Wednesday, October 7, 2009

Mr Tambourine Man

Today driving to work (something I haven't done much of lately, but more on that later) I discovered that after the approximately a million or so years since I first heard & revered it, I STILL know all the words to that Bob Dylan oldie.

"To dance beneath the diamond sky with one hand waving free
silhouetted by the sea. . . yadda yadda yadda"

To my ear now it's such a (young!) paean to - what? teenage angst? frustrated intellectual pretensions? Drug use?

Still, so many nicely turned phrases; apt, slick and singable. Dear Zimmerman.

When I was thirteen or so, in the period when my boyfriend John A and his sister Linnea were the important people in my emotional universe - Bobby Z and his lyrics were the final word on everything for the three of us. . I remember Linnea saying once, as we waited for her brother who was supposed to be taking me to the movies at some point,

"I learn more by listening to a single Dylan song for the fortieth time than by sitting in any class." L was in eighth grade at the time and I was much in awe of her sophistication. . .

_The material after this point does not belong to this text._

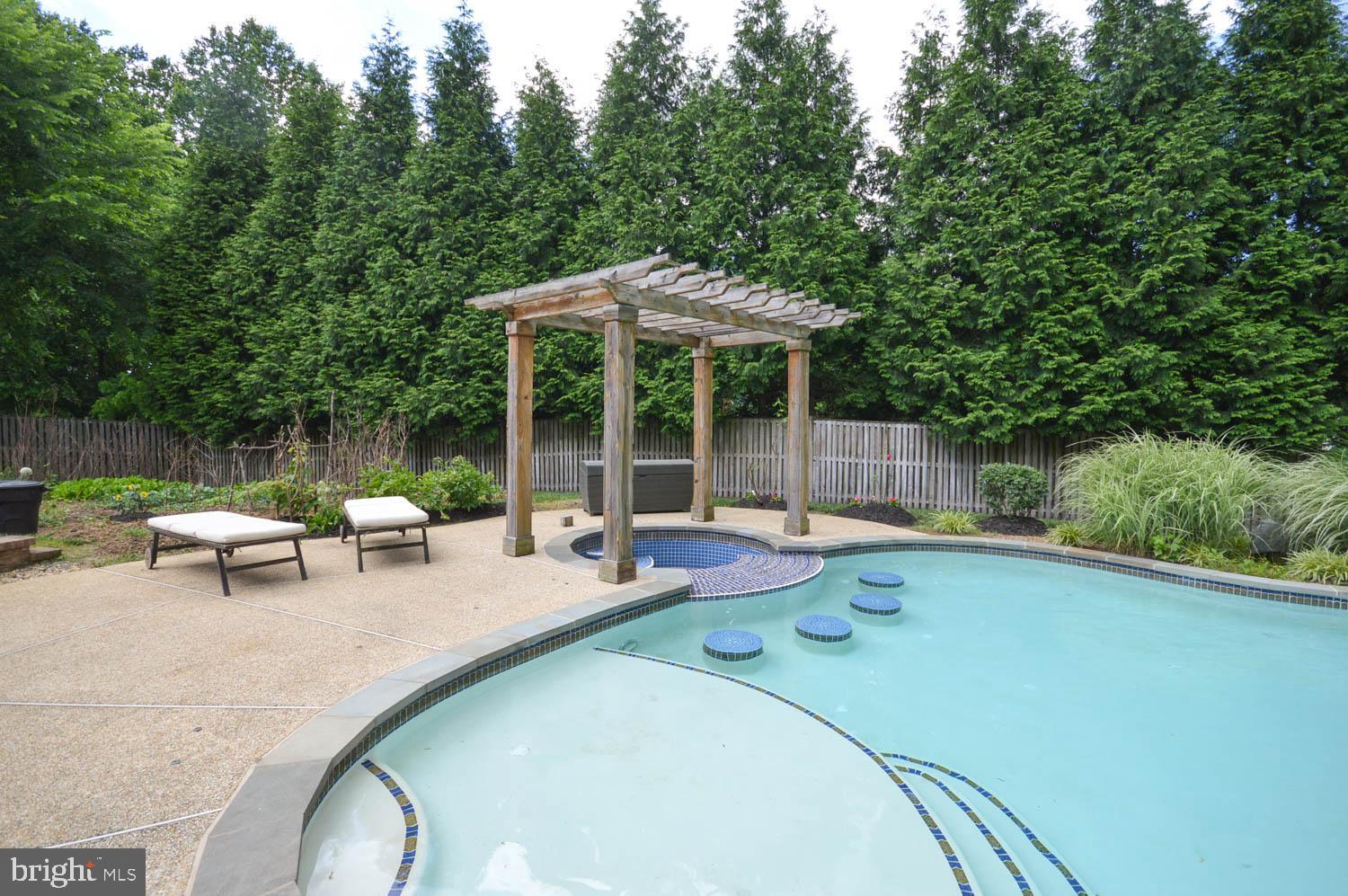 7005 BRENTWOOD DRIVE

I was older than L but much less confidant of my views. I went to all my classes and took notes - but I couldn't help wondering how one acquired L's confidence or the mysterious ability to DECIDE that a Dylan lyric was somehow more important, interesting or relevant.

In his senior year (a short year after I had decamped to a local liberal arts college, not (I hasten to assure you) exactly breaking his heart) John got a scholarship to an engineering school. After he graduated brilliantly, I heard he got a fellowship to a prestigious program at Yale. His ability to fix ,build and repair cars (he built from spare parts the car he took my on my first date to the movies) turnedout to be his way out of the rural backwater he, his sister and I found ourselves trying to grow up in, those lazy summers we spent listening to Dylan songs.

I hear about John A sometimes from long-ago friends and connections, but I have no idea what Linnea did after high school. I so wish I did.